Est-ce que ces créations, ces réflexions ne sont pas du
domaine de la plus haute philosophie ? Cherchez les mobiles qui poussent
les héros ; étudiez leurs caractères qui ne se démentent pas, caractères
bien vivants, avec toutes leurs inconséquences, avec ces alternatives de
témérité et de peur dont personne ne peut se défendre. Achille lui-même
n'est-il pas, comme un autre homme, accessible à la terreur, témoin sa
lutte contre le fils d'Anchise :
C'est en tremblant qu'Achille écarte avec sa main
Ce brillant bouclier que lui donna Vulcain.
Il croyait voir déjà la longue Javeline.
Traverser l'épaisseur, menacer sa poitrine.
(Tome II, p. 248).
Voilà comment l'Iliade se présente à nous avec ses
aspects multiples et sa belle unité d'action.
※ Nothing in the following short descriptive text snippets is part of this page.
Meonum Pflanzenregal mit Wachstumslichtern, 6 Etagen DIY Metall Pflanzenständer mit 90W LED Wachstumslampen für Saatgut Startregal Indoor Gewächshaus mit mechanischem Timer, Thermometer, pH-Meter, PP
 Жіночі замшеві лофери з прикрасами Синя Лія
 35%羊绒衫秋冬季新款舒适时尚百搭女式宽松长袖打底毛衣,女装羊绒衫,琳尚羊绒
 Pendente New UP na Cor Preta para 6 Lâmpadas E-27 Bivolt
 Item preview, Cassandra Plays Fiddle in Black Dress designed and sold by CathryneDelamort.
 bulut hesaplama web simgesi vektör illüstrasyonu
Voilà comment l'Iliade
nous instruit et nous charme à la fois.
La traduction de ce chef-d'œuvre en vers français a
tenté plusieurs fois des esprits distingués que n'ont arrêtés ni la
difficulté, ni la longueur d'un travail pénible et interminable.
S'effaçant devant leur modèle, ils ont cherché à en rendre, de la
manière la plus fidèle, la pensée et les nuances délicates. Ainsi avait
compris sa tâche M. le président Larombière, lorsque s'attaquant à
Virgile et à Lucrèce il suivait pas à pas les ravissantes descriptions
des Georgiques, ou lorsqu'il luttait, non sans succès, avec le poème de
la nature. Il semble que la Magistrature prédispose à l'étude des
lettres et à l'admiration des anciens et, quand je dis : il semble, je
veux dire : il est incontestable.... Les motifs en sont trop naturels
pour que je cherche à les déduire. J'aime mieux parler du monument que
M. Barbier, procureur général à la Cour de cassation, vient d'élever à
Homère, en traduisant son Iliade.
M. Barbier n'est pas seulement un savant jurisconsulte,
occupant à juste titre l'une des plus grandes Magistratures de France.
Ses explorations fructueuses dans le domaine des Michelet, des Henri
Martin, l'ont placé depuis longtemps à la tète de la Société des études
historiques, et il est en outre un lettré, vivant dans l'intimité des
muses grecque et latine qui n'ont pour lui ni secret, ni refus. M.
Barbier s'était autrefois mesuré avec Perse et avait, dans une partie
notable, éclairci les obscurités du satyrique ; aujourd'hui, il soumet
au jugement d'un public choisi une œuvre capitale commencée, poursuivie
et achevée pendant ses loisirs laborieux que d'autres eussent consacrés
au repos, aux voyages, ou à la chasse : Trahit sua quemque voluptas.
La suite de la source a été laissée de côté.